Hélas, nous n’avons pas les emplois de l’Allemagne. Tout l’enjeu est précisément de conduire une véritable politique de relocalisation de l’emploi et de protectionnisme intelligent afin de rapatrier le million d’emplois qui manquent, qui permettraient d’équilibrer tous nos systèmes sociaux et d’éviter la réduction permanente des budgets sociaux dont souffrent les Français.
Encore une fois, la répartition marche sur deux jambes : une politique de relocalisation de l’emploi et une politique nataliste forte.  

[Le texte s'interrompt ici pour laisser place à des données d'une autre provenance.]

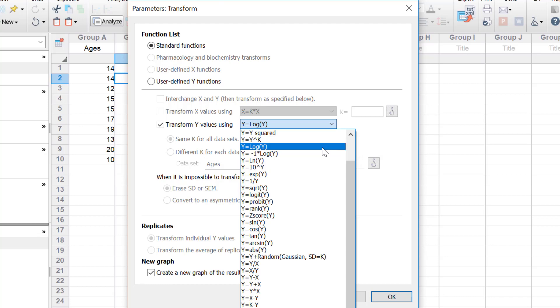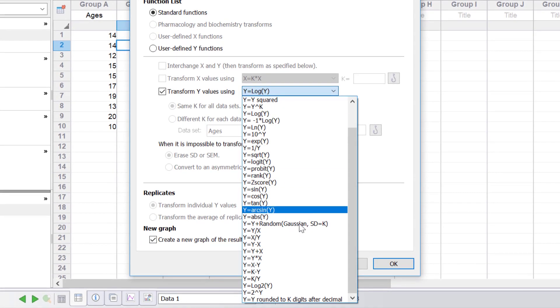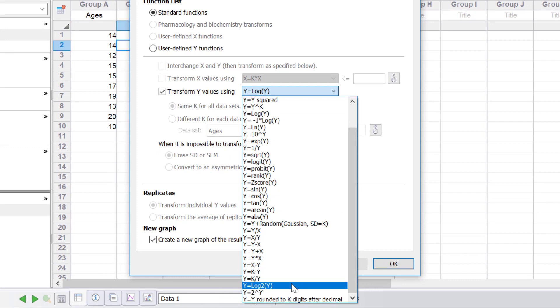If you want to do a log transformation with the base of 2, there is also an option that says y equals log 2 y.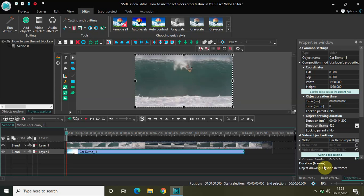Hey guys, welcome back to NextGenBlogger. In this video I want to talk about how you can use the set blocks order feature in VSDC free video editor. This is the VSDC basics tutorial and the set blocks order feature is a really useful feature which you must know how to use because it will save a lot of your time.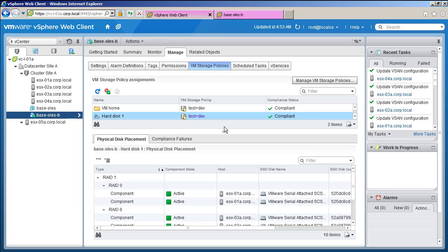This virtual machine has storage policy attributes set to ensure availability with a RAID 1 configuration and an additional stripe width.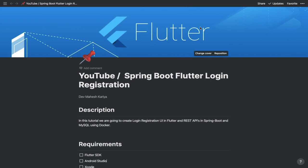Welcome back to another exciting episode. I'm your host Mahesh Karya, you're watching me on YouTube Live. Today I'm going to take you through the Spring Boot Flutter login registration tutorial. So without wasting any time, let's deep dive into it.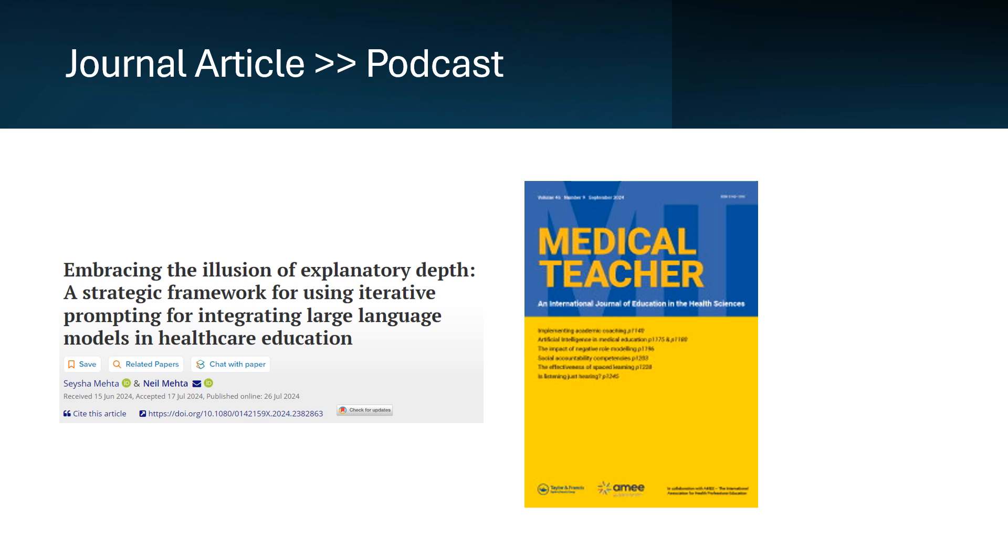Imagine that you would like to create a podcast on a topic to give your students an overview on that specific topic. I will use the example of a recent paper that I co-authored in Medical Teacher. The paper discusses the concept of illusion of explanatory depth and how to use iterative prompting when using Generative AI to ensure that our students and we don't become dependent on AI and continue to develop our critical thinking and problem-solving skills.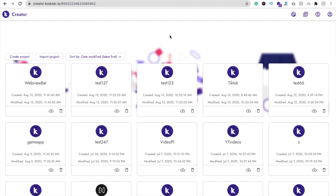Hi guys, this is Saurav. In this video we will learn how we can upload our images to the server from our own app. We will use Cloudinary database to upload our images and videos.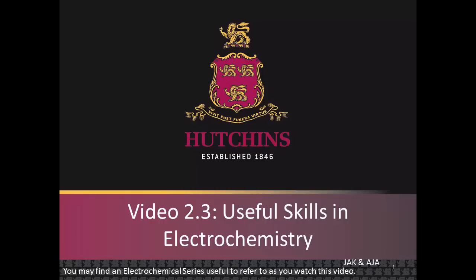Hello, my friends. Welcome to another video from Dr. James in the Hutchins School Chemistry Lab. Today, we are going to be looking at some useful skills for answering questions in electrochemistry.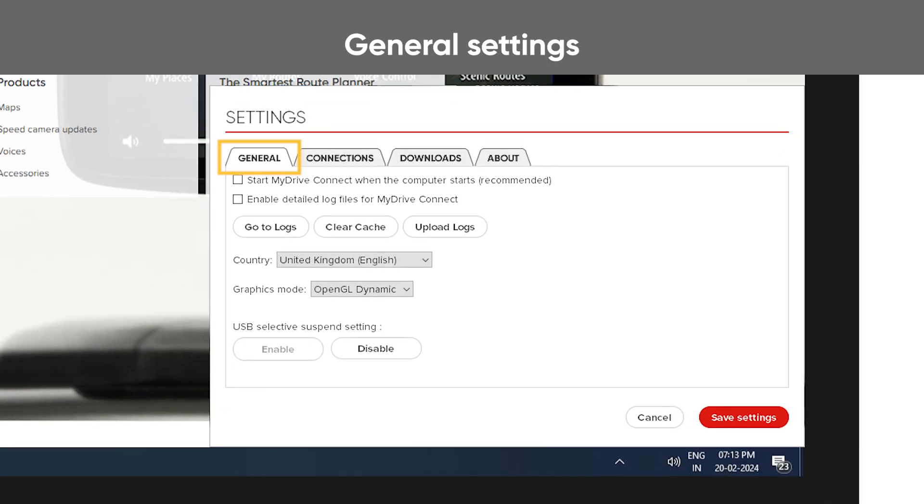On the General tab, you can set if you want MyDriveConnect to start automatically when you start your computer.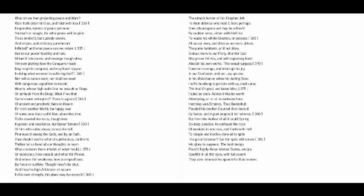Thither let us bend all our thoughts, to learn what creatures there inhabit, of what mould or substance, how endued, and what their power, and where their weakness, how attempted best, by force or subtlety.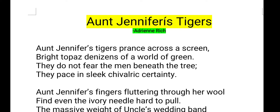Hi, welcome to Pinkboard. Today we are going to see the summary of Aunt Jennifer's Tigers, which is written by Adrienne Rich.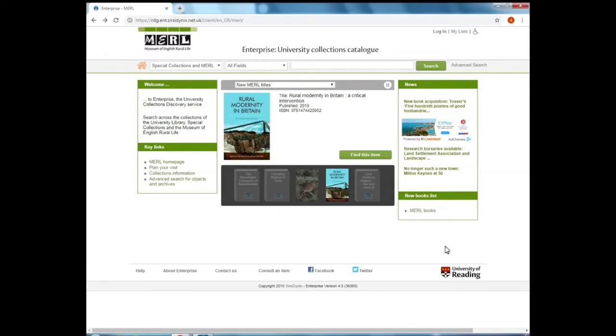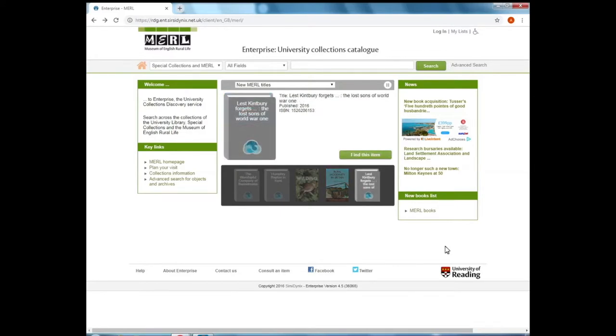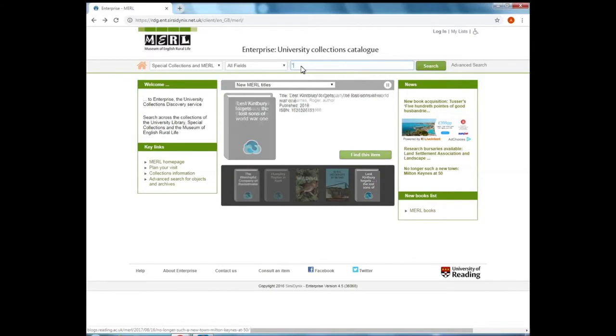One of the more popular search categories is for photographs. So if we use the same technique as with the Longman archive, if you go up to the search bar and in inverted commas...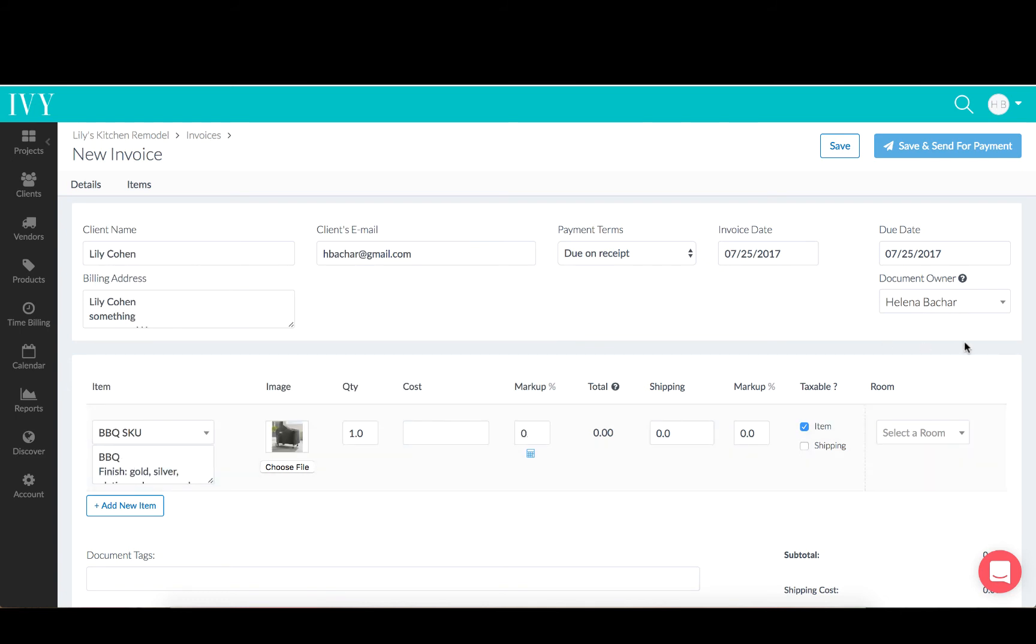If the Document Owner is changed at any time, any new items added to that document will be assigned to the new owner, while any items that were previously added will be assigned to the previous owner.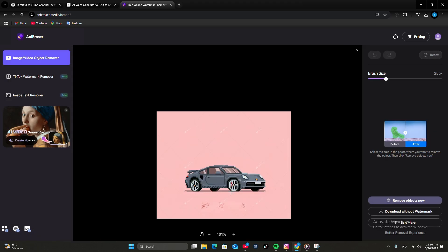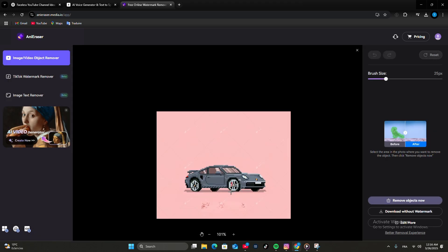When it's done, just click Download without Watermark to save your clean video or image.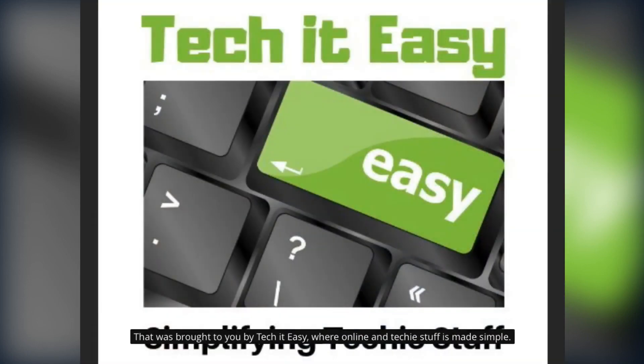That was brought to you by Tech It Easy where we make online and techy stuff very simple.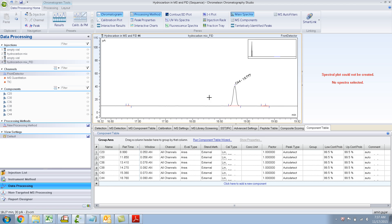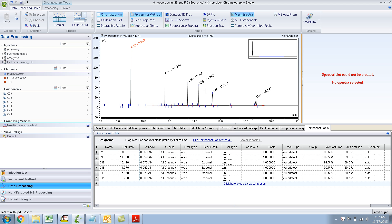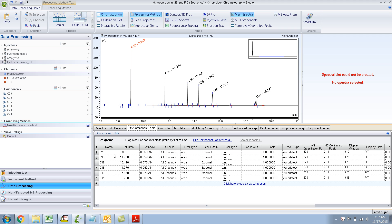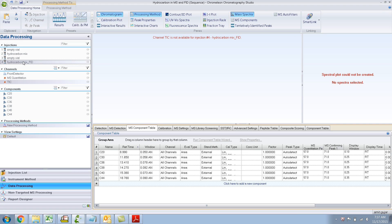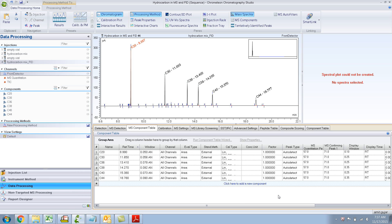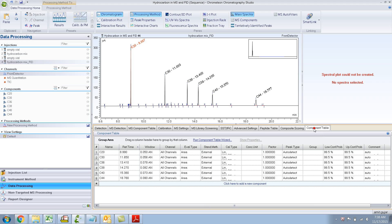This is in the FID channel. There can be only one component table - it can be either the MS component table. The MS component table also has the same retention times that we entered. So if I go back to my previous injection and select the TIC, it's not going to detect it because the retention times have shifted and we changed them. The component table for FID shows a molecule icon without a green check mark or exclamation mark.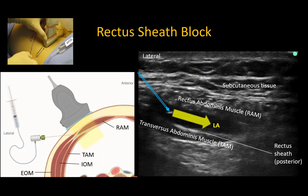For single injection blocks, an in-plane approach from lateral to medial is recommended. Note how lateral the entry point is due to the width of the rectus abdominis — this allows it to be performed even in the presence of wound dressings. Look for local anesthetic spread lifting the muscle away from the hyperechoic line of the posterior sheath.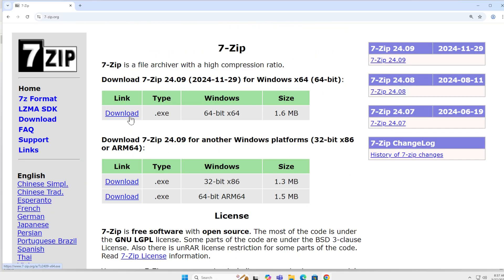But I'm going to download the latest version 64-bit for my Windows 11. Click download.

La parole est à Mme Emmanuelle Ménard. Permettez-moi de dire dans cet hémicycle que la « politique nataliste » n’est pas un gros mot ! Il n’y a rien de honteux ! Ce n’est pas parce que nous sommes au XXIe siècle qu’on ne peut pas mener une politique nataliste ! Bien au contraire, il faudra m’expliquer pourquoi on ne pourrait pas le faire !
D’autre part, j’ai bien écouté les réponses du rapporteur et du secrétaire d’État, mais je n’ai rien lu sur les droits familiaux dans votre texte.  
Je rappelle que l’année dernière, vous avez désindexé de l’inflation certaines pensions, notamment celles de retraite, mais également les allocations familiales.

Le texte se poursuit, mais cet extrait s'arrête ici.